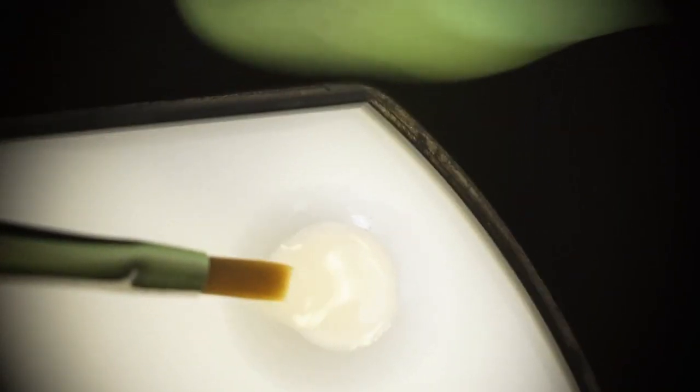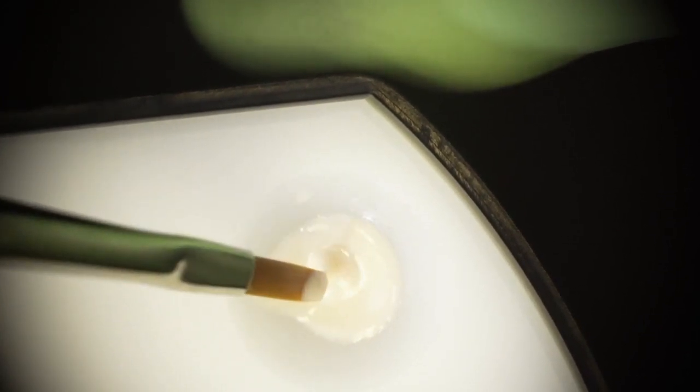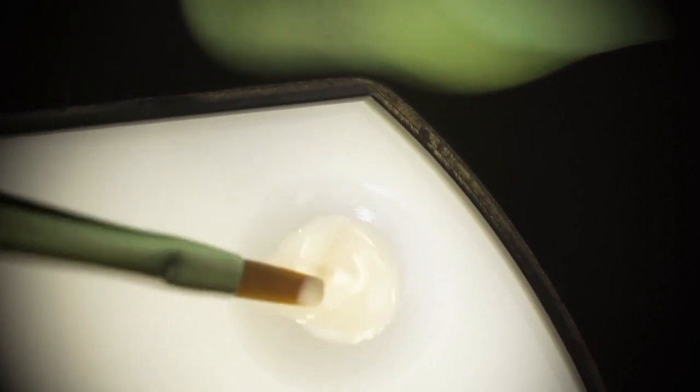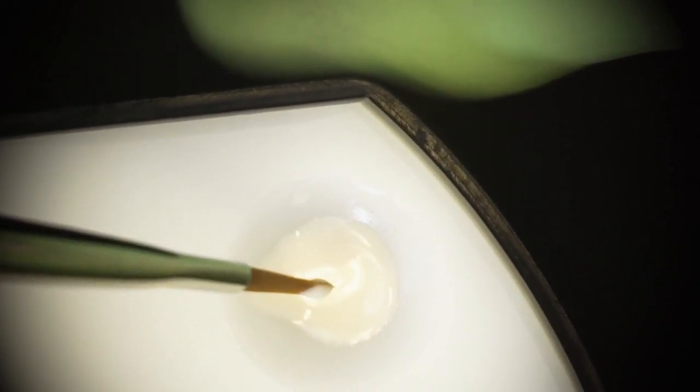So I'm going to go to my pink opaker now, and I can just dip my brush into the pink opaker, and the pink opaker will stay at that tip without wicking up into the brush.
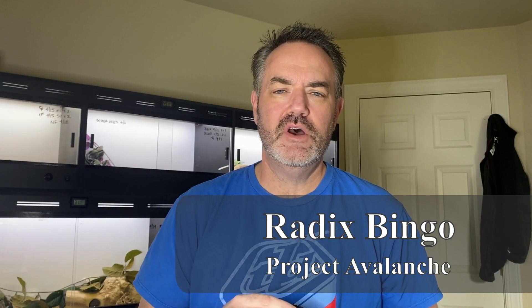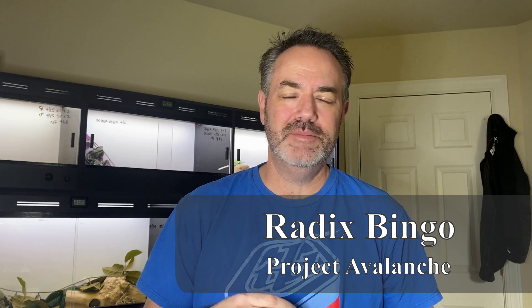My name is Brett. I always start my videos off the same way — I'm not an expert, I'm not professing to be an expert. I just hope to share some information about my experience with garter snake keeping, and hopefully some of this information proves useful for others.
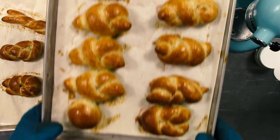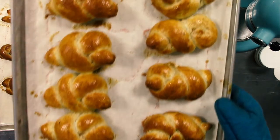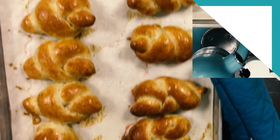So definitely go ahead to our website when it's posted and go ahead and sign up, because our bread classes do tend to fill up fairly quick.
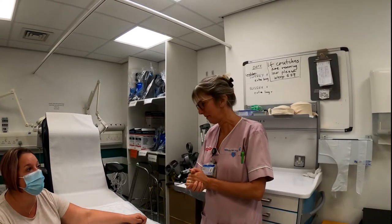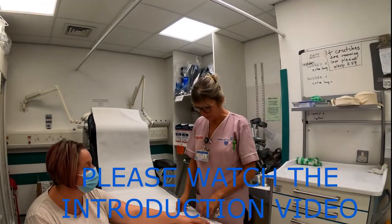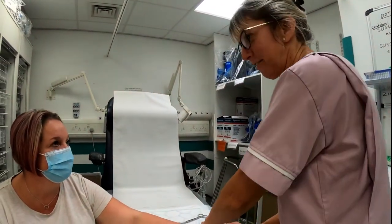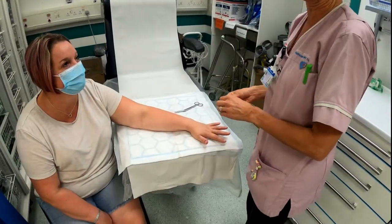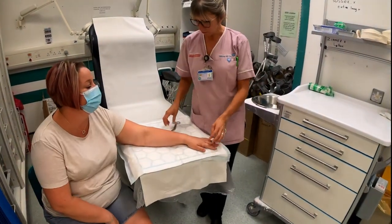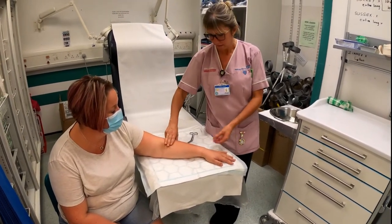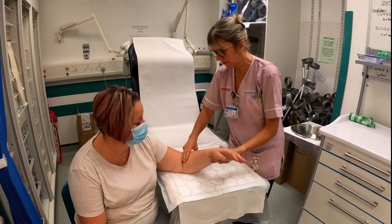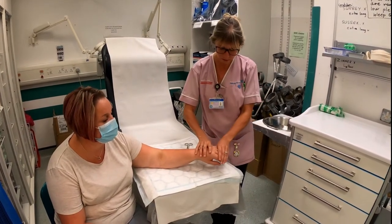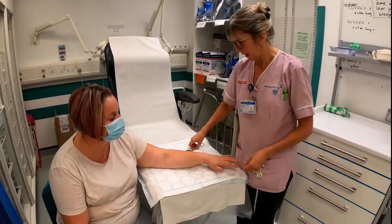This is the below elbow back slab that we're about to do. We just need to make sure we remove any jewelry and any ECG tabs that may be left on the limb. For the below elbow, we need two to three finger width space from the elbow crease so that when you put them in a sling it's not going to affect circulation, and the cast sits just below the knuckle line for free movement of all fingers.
□ □ □
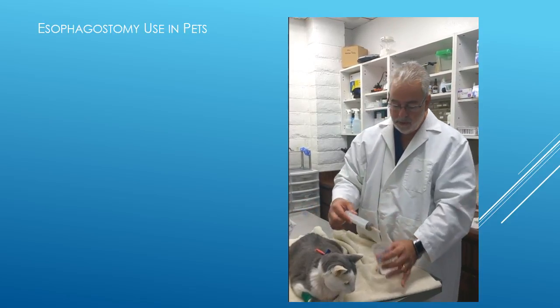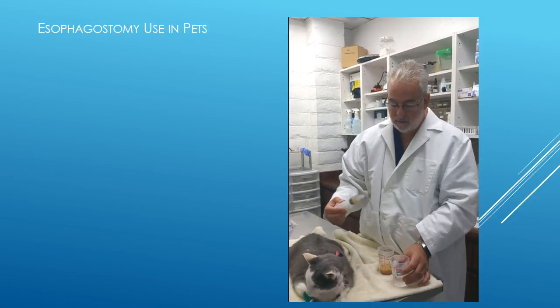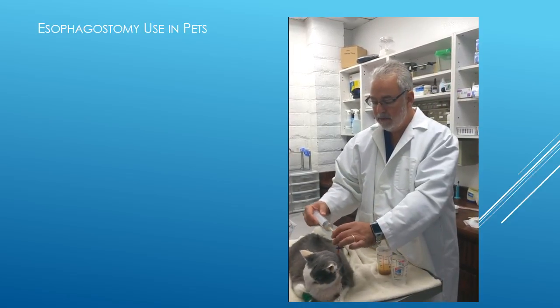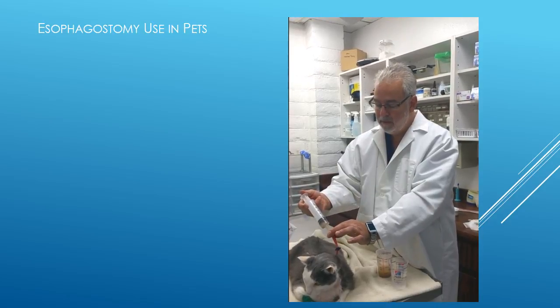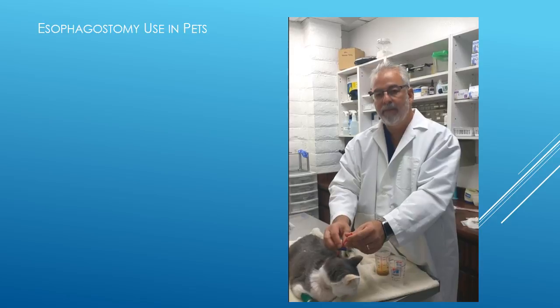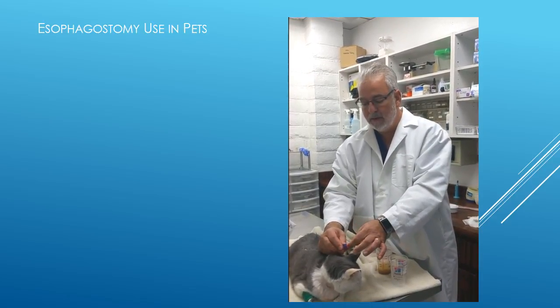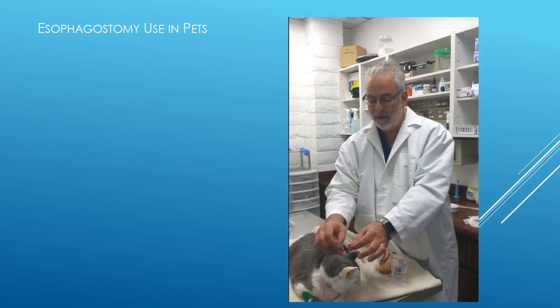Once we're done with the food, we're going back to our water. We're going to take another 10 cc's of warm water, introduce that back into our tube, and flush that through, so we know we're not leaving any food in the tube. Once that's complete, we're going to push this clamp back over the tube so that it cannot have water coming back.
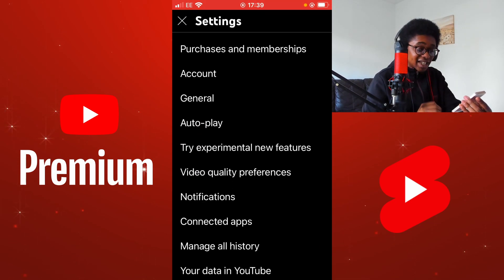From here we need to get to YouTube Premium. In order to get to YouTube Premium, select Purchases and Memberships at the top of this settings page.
□ □ □
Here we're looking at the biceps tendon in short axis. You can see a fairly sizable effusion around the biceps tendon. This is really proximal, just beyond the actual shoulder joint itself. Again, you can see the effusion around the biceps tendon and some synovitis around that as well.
□ □ □
Above are the records. Copy word for word only their lines from the one holding "My name is Brett." through the one holding "This is the", both included, and skip the images.

My name is Brett. I always start my videos off the same way — I'm not an expert, I'm not professing to be an expert. I just hope to share some information about my experience with garter snake keeping, and hopefully some of this information proves useful for others.
So definitely go ahead to our website when it's posted and go ahead and sign up, because our bread classes do tend to fill up fairly quick.
This is the below elbow back slab that we're about to do. We just need to make sure we remove any jewelry and any ECG tabs that may be left on the limb. For the below elbow, we need two to three finger width space from the elbow crease so that when you put them in a sling it's not going to affect circulation, and the cast sits just below the knuckle line for free movement of all fingers.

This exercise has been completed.